Early marriage and FGM
Across all Young Lives countries, both young people and their parents now believe it is acceptable to marry later and delay childbirth for economic and health reasons. However, while the rise in schooling is enabling more young people to access information about reproductive health, many girls are still entering into early marriage and childbearing, despite the association with higher infant and maternal mortality, health risks due to physical immaturity, and higher overall fertility.
By the age of 19, over a third of girls in India are already married, and in both India and Ethiopia, many girls are still marrying well below the legal age of 18. Early childbearing is also still prevalent; nearly a quarter of girls in Peru have had a baby by the time they are 19. In other Young Lives countries, girls from poorer households and rural areas are most likely to enter into early marriage and childbearing, and in Ethiopia and India, girls whose mothers have less education, continuing the cycle of poverty.

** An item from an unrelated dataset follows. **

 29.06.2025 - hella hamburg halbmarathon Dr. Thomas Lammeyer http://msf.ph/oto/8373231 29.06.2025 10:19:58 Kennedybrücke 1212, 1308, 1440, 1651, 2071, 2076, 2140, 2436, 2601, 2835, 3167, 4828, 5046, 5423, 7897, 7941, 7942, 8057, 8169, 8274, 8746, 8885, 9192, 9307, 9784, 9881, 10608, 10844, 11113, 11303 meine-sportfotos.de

International attention has focused on the risks to children and young people from traditional practices that are harmful and violate their rights. In Ethiopia, for example, early marriage and female genital mutilation (FGM) are now both against the law. However, moves to abolish these practices have encountered resistance, as both were traditionally seen as a way of protecting girls and securing their future through a good marriage by keeping them safe from abduction, as well as sexual activity and pregnancy outside marriage.
In 2016 Young Lives is carrying out field research in both Ethiopia and India to look more closely at the drivers of early marriage. By exploring young pathways to marriage and parenthood we can contribute to the policy debates about how best to address not just early marriage but the concerns of adolescent girls and boys in their transitions to adulthood.